7、記憶
「ここが処刑場…彼女はここで…こんな…侮蔑的な部屋で。一人の味方も…居ないまま……せめて僕が傍にいれば…。」
膝をついて床に手をつく、ポタリポタリと涙が手のひらに落ちる。
「あの…大丈夫ですか?」
「大丈夫な訳があるか!彼女は無実のまま…ここで…。」
後ろから声をかけてきた男はカシャンと音を立ててこちらに近付いてくる。甲冑を着た声からして若い男。処刑人か、素性が知られれば悪人や遺族から付け狙われる。だから重い甲冑というマスクを被って体型や顔を隠す。

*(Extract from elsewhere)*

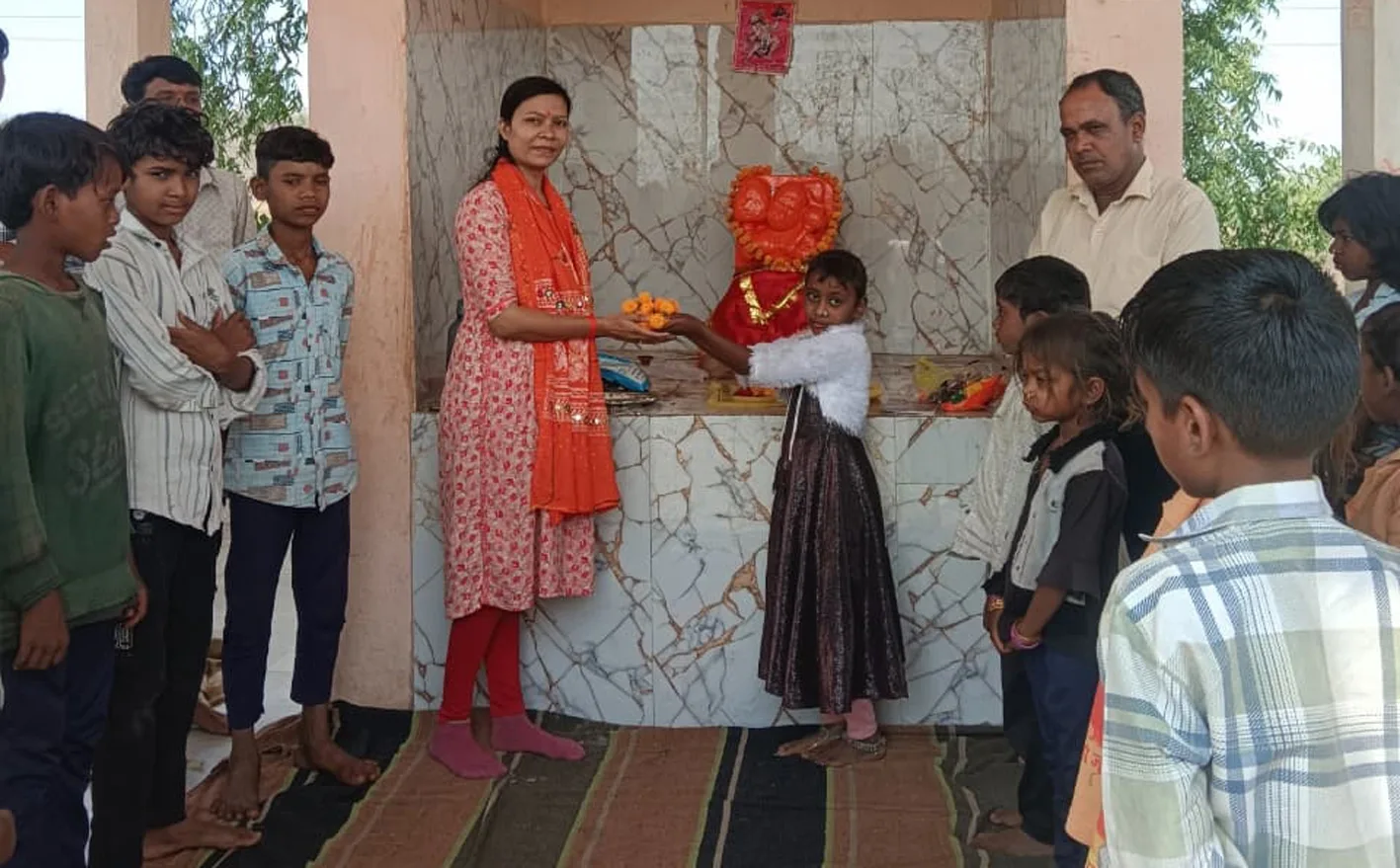 सुंदरकांड पाठ के साथ प्रभारी प्रधान पाठक ज्योति परते को दी विदाई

「ケネス様ですよね。一度だけ城内で見かけた事があります。今、王子が貴方を探し回って居ますよ。早く逃げた方がいいです。」
王子か…。あのクズ…1人では何もできないくせに。だがこの男、迷わずに僕を逃がす選択肢を選んだな。という事はあの王子の両手が汚れていると分かっているという事だ。いずれにせよ王家に手が汚れていない人間は彼女以外、存在しないが。
「そうか、だが僕を知っているのなら分かっているだろう!僕がここにいる理由を!」
シャーロットの事何か知っているかもしれない、連行された時や最期の時の事、それ以外も聞いてみよう。
「私は王に仕える身、思考を許されません。」
「さっきと言っている事が違う気がするが。」
「とにかくここから早く出た方がいいです。」
「君は彼女の処刑を担当したのか?シャーロット姫の事だ。」
「……恐れ多くも。」
「そうか…じゃあ…彼女の遺体は?」
「決められている通り、処刑された罪人は墓に入る事を許されず王都の外れに遺棄されました。罪人なのでそこから拾い墓に入れるのも罪になります。」
「彼女らしき遺体はなかったが?王が引き取ったのか?」
「それは有り得ませんね。ですが今となってはどうでもいい事です。貴方がここを去らないなら私が先に去ります。」
「待て!彼女の最期を教えて欲しい。頼む。」
「…シャーロット様は屋敷からここへの馬車内では少し戸惑いながら声を荒らげて居ましたが、私がお連れした際はもう声も出せない程、悲しみにくれていて最期はただ一雫だけ涙が頬を伝いました。」
「シャーロット…そうか…礼を言う。引き止めて悪かったな。では失礼する。」
「はい、お気を付けて。」
1人になってただ当てもなく歩く。久しぶりの王都は新しい場所も多く何もかもが変わっていて、大通りを外れると自分がどこに居るかも分からなかった。お昼頃に処刑場を出てもう日が暮れているので結構な時間をさまよったことに気が付く。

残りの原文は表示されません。